The two bombs, planted on bicycles, went off almost simultaneously yesterday in a market in a middle-class neighborhood in the IT hub, Reuters reports. No one has claimed responsibility.
The Indian government said that it had received intelligence indicating an attack was in the works, and informed local police in several cities, among them Hyderabad, India's fourth most populous city, two days before the bombing. The New York Times reports that the arrest of four terrorists in October 2012 revealed that one of them had done "reconnaissance" of the same Hyderabad neighborhood that was targeted.
Bloomberg reports that it was India's deadliest bombing in almost two years. After the deadly 2008 shooting spree in Mumbai, which killed 166 people, the government vowed to make improvements to its intelligence and anti-terror operations, but there have been nine terrorist attacks since then, according to Bloomberg.

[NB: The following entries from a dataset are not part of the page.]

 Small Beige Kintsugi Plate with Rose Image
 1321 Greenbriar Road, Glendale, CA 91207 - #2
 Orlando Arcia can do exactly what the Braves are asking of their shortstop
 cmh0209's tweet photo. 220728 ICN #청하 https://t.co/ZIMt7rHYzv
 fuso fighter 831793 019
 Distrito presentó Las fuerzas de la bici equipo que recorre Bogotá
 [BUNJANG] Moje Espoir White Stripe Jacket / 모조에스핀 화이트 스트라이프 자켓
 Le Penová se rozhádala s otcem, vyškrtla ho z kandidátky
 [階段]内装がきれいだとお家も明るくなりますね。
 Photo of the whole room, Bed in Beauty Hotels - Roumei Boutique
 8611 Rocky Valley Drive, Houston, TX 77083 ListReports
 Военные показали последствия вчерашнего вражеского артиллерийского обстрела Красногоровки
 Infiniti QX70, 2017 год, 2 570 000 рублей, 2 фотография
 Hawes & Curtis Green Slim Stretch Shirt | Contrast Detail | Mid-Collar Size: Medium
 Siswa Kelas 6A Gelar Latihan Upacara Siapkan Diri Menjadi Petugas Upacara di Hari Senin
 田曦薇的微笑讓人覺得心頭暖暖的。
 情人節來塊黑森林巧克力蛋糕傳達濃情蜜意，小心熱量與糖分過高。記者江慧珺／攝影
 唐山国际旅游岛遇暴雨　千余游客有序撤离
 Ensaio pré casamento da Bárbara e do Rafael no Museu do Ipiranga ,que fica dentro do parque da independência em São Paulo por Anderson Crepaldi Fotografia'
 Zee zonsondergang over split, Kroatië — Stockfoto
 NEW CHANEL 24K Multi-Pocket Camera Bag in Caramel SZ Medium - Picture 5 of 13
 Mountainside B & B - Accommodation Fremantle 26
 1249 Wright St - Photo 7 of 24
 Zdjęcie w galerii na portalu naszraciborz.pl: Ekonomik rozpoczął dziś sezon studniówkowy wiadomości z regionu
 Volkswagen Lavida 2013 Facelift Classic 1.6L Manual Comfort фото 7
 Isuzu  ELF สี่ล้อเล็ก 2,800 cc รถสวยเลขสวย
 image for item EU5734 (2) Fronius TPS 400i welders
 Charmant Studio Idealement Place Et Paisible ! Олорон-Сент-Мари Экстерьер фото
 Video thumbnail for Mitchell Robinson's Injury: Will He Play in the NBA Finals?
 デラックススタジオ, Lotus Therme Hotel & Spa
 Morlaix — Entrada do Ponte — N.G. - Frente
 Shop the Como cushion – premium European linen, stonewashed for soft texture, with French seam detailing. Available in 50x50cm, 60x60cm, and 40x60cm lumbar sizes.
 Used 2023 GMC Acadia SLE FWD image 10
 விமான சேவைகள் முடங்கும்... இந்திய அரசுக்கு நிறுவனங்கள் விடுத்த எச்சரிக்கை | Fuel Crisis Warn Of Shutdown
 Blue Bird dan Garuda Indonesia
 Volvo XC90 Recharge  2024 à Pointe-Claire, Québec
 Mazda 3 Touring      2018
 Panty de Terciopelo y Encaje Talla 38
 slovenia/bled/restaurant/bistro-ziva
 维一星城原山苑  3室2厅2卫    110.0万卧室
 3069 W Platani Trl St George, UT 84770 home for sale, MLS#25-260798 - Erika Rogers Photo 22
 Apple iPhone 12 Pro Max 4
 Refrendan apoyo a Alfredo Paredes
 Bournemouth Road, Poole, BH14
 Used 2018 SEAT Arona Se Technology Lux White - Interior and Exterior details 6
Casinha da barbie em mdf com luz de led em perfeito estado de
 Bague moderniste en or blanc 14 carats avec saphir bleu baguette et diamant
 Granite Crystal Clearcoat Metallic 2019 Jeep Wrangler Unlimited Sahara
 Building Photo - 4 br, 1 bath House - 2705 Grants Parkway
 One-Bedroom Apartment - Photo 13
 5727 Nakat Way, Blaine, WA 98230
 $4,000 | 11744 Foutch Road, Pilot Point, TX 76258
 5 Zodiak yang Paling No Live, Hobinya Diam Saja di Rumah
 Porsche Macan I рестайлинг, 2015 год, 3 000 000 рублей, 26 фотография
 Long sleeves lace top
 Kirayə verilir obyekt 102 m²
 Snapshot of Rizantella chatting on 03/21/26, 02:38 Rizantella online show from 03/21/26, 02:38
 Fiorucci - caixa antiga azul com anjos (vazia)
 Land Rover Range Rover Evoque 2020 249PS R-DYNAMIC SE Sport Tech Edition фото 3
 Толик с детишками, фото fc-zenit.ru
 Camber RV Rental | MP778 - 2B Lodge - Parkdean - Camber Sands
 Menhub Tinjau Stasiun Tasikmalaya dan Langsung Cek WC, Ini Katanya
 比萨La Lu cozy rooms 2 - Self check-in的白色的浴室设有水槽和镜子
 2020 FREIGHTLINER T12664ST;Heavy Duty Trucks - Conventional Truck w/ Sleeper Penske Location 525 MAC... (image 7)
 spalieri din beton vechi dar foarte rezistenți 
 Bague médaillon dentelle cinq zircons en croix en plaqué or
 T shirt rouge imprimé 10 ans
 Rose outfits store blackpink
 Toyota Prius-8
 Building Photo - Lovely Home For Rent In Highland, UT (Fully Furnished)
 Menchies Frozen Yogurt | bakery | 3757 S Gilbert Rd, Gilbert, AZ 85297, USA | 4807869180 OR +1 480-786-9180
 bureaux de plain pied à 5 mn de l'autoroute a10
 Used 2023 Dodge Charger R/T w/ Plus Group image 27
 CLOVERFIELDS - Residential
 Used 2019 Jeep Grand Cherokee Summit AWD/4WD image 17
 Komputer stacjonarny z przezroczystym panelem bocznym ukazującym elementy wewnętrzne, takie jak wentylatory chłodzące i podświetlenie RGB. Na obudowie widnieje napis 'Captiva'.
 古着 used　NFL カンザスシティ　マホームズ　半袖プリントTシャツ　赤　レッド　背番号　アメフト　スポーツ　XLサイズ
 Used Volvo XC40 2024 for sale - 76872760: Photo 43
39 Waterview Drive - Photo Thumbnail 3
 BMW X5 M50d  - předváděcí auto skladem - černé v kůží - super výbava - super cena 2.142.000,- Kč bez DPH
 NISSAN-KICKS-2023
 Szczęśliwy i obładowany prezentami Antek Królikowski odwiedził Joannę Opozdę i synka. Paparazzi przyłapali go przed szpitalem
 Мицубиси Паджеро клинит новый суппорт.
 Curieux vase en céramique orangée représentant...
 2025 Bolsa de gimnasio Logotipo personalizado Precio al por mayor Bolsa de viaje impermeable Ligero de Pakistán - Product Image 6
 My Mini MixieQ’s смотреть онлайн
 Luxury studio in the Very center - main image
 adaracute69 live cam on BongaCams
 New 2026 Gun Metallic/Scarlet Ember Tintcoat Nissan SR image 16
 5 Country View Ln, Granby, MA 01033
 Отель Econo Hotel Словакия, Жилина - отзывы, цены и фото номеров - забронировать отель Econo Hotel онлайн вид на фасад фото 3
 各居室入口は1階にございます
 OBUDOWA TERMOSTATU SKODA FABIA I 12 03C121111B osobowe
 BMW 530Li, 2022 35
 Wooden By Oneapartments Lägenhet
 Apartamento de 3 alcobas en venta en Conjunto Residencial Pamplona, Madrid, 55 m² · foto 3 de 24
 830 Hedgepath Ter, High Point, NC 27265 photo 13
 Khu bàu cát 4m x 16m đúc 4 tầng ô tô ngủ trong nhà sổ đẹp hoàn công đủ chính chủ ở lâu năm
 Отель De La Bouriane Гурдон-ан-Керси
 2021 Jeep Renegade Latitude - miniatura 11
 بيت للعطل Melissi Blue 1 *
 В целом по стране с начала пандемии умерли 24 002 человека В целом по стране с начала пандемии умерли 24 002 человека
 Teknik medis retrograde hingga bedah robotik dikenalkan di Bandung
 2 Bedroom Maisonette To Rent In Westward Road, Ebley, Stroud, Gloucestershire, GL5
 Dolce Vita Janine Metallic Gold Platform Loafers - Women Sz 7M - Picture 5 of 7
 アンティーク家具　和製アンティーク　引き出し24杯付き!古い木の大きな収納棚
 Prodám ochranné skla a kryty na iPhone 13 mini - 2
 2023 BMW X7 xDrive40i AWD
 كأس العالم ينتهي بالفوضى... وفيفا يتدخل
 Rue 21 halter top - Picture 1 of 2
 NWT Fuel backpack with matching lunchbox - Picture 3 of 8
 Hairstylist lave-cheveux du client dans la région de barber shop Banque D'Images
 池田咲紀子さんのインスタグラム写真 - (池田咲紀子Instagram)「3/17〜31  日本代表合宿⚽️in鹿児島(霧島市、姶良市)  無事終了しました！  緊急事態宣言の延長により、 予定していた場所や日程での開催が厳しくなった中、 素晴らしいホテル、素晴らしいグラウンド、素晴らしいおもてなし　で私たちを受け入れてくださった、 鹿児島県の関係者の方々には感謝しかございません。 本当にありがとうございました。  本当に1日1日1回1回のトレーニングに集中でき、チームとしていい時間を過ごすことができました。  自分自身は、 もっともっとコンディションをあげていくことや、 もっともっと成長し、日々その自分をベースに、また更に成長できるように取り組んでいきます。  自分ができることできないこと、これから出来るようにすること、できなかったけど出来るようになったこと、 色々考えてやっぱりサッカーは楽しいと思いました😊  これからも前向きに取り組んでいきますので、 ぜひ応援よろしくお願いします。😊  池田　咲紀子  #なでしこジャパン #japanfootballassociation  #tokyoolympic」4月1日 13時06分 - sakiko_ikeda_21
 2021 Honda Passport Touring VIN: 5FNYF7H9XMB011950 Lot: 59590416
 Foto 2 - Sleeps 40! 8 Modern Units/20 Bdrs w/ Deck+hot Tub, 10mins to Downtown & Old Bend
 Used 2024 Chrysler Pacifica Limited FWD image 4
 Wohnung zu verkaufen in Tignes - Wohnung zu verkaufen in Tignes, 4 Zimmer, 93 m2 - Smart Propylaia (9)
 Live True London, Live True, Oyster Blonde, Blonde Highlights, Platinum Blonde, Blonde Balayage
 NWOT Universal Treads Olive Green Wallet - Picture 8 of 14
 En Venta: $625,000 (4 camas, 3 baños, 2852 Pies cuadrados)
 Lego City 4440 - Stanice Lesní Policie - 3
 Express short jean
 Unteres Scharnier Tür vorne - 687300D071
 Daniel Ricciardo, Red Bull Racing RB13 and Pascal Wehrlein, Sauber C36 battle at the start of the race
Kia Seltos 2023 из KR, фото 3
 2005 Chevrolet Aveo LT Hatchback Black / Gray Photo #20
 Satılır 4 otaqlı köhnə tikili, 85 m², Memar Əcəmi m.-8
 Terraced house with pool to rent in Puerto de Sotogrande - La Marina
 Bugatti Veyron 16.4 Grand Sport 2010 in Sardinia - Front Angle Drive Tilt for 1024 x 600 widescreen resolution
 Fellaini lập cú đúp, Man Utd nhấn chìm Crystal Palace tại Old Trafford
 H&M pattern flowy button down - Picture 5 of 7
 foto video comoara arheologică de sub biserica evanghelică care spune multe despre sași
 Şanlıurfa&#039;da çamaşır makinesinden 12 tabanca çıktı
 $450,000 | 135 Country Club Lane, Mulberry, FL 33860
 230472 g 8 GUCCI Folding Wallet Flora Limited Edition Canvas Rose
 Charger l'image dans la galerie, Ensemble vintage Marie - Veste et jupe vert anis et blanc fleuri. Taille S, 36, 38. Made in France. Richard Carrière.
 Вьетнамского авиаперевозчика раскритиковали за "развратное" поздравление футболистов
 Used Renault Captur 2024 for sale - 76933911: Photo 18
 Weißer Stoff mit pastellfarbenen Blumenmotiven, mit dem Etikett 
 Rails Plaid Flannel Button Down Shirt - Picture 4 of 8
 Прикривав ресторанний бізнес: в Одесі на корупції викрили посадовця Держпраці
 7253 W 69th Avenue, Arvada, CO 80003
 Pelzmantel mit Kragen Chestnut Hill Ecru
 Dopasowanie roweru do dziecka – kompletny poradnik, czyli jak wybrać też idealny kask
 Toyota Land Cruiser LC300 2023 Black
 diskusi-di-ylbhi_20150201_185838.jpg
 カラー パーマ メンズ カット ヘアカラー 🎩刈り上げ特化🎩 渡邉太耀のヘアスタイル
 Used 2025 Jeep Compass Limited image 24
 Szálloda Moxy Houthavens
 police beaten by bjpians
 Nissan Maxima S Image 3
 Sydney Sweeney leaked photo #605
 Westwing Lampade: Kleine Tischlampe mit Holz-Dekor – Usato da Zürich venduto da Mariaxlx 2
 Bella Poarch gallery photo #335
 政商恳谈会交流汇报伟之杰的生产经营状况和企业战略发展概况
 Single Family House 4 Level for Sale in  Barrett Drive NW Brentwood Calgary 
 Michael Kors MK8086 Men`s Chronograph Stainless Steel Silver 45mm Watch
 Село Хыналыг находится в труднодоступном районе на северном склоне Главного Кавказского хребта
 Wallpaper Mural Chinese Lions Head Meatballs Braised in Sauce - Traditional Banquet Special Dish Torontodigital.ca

As Reuters notes, government effectiveness at preventing terrorist attacks is a major political issue in India, and the ruling Congress party has "had to fend off accusations... of being weak on security."
"The government's response is not adequate to the burning issue of terrorism. The government is taking it in a casual and usual manner," opposition party leader Venkaiah Naidu told reporters outside Parliament, reports the news agency Press Trust of India.
In this instance, the government has been particularly criticized for having prior knowledge of an attack and not doing enough to prevent it. “If you do not have any information it is an intelligence failure,” Ajit Doval, a former director of India’s Intelligence Bureau, told The New York Times. “But if you have some information, and even then you cannot prevent the event, then it is the failure of the government.”
But another former official defended the government: "These alerts are so routine that you cannot act upon these," J. N. Rai, a former official with India’s Intelligence Bureau, told the Times. "With the use of technology and online communication, it has become rather more difficult" to detect and prevent planned attacks, he said.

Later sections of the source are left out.